The findings could lead to the development of interventions to help the more than half of individuals with autism who have very strong negative responses to sensory stimuli, a condition called sensory over-responsivity. Interventions for this condition could significantly improve the lives of children with this form of autism and their families, said Shulamite Green, the study’s first author and a postdoctoral fellow in the Semel Institute for Neuroscience and Human Behavior at UCLA.

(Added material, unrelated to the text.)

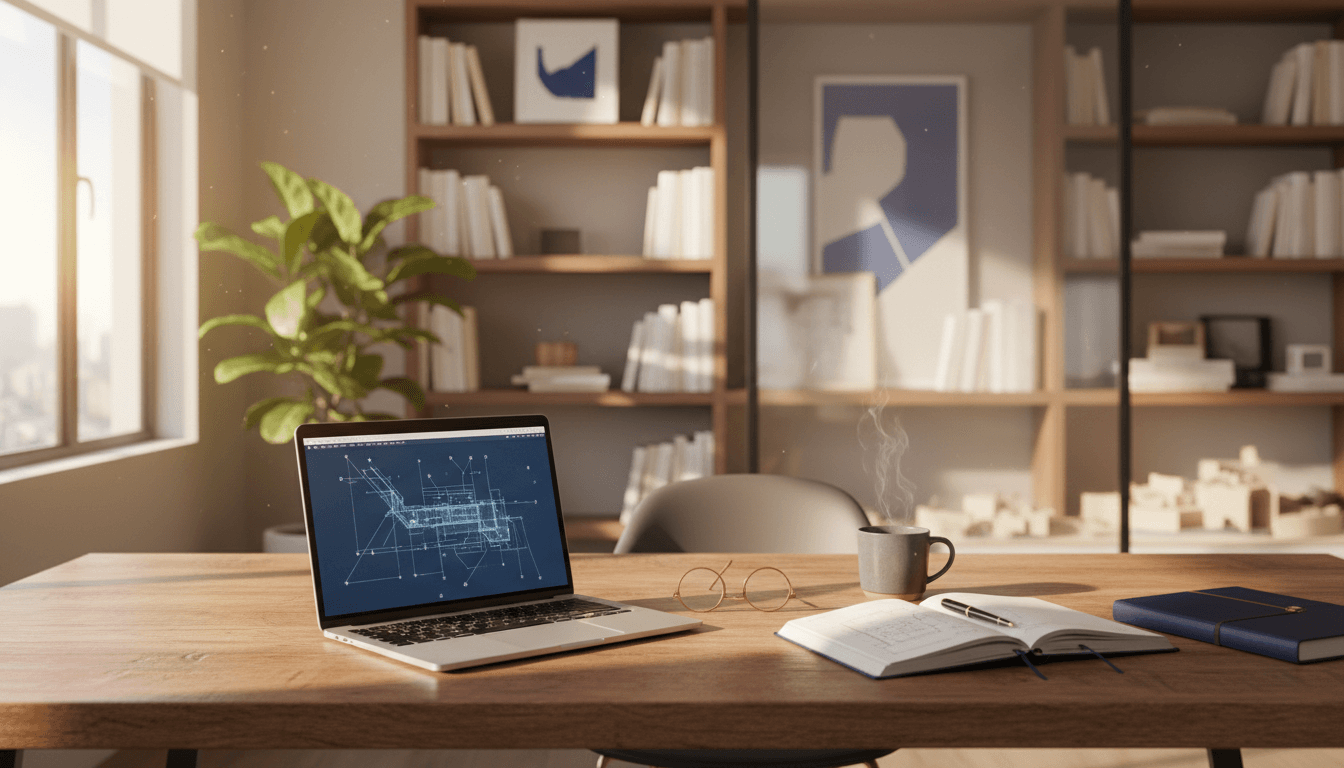 Professional workspace with laptop and planning materials in natural light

“This condition is distressing and impairing for individuals on the autism spectrum, as well as for their parents, who often feel confined to their homes because it’s too difficult to take their children out shopping, to the movies or to a restaurant,” Green said. “Our research provides new insights into the brain differences that may cause sensory over-responsivity, which helps us understand how to treat it — from simple interventions like limiting exposure to multiple sensory stimuli to more complex interventions like cognitive-behavioral therapy.”
The study was published online today by the peer-reviewed journal JAMA Psychiatry.
Autism spectrum disorder can cause significant social, communication and behavioral challenges. The Centers for Disease Control estimates that about 1 in 68 children have autism, which is almost five times as common in boys as in girls.
Green said research on sensory over-responsivity, and particularly brain imaging research, is still very new, and sensory symptoms were only recently added to the diagnostic criteria for autism.
“One surprise finding was the large differences in brain response between youth with autism who have sensory over-responsivity and those who do not,” said Mirella Dapretto, the study’s senior author and a professor of psychiatry and biobehavioral sciences at the Semel Institute. “Youth with autism who do not have sensory over-responsivity have brain responses to sensory stimuli much more similar to their counterparts without autism, and we showed that there may be a compensatory mechanism in the brain helping them regulate their responses.”
For the study, the UCLA team imaged brain responses to auditory and tactile stimuli in young people between the ages of 9 and 17, some with autism and some without. During imaging, each of the study’s participants was exposed to three kinds of sensory stimuli — hearing loud environment noises such as traffic, being rubbed on the inner arm with a scratchy wood fabric or experiencing both the auditory and tactile stimuli simultaneously.
The team found that study participants with autism and sensory over-responsivity had stronger brain responses to the sensory stimuli in brain areas that process sensory information, as well as in the amygdala, an area involved in attention, response to threat and emotional reactions.
The brain responses were even more severe when participants with autism and sensory over-responsivity were exposed to the auditory and tactile stimuli simultaneously. They also found that all study participants showed a similar initial brain response to the stimuli, but youth with autism and sensory over-responsivity took much more time to get used to the stimuli — and to reduce their brain response — than children with autism but not sensory over-responsivity.
Green said that those children may be compensating through strong brain connectivity between their prefrontal cortex and amygdala. The prefrontal cortex, Green said, is helping to regulate the strong response of the amygdala.
“We don’t have many good treatments for sensory over-responsivity, but our results suggest that an effective treatment might focus on creating coping skills to deal with stimulating environments rather than focusing on changing sensory processing,” Green said. “I also think parents and others working with kids with autism need to be aware of their sensory environments.”
The UCLA team has received a grant from the Simons Foundation to continue to study how youths with autism and sensory over-responsivity process sensory stimulation. They hope to better characterize the neurobiology of the brain’s reaction.
This work was supported by grants from the National Institute of Child Health and Human Development, the National Institute of Mental Health and the National Center for Research Resources, as well as a National Research Service Award predoctoral fellowship (F31 MH093999-01A1).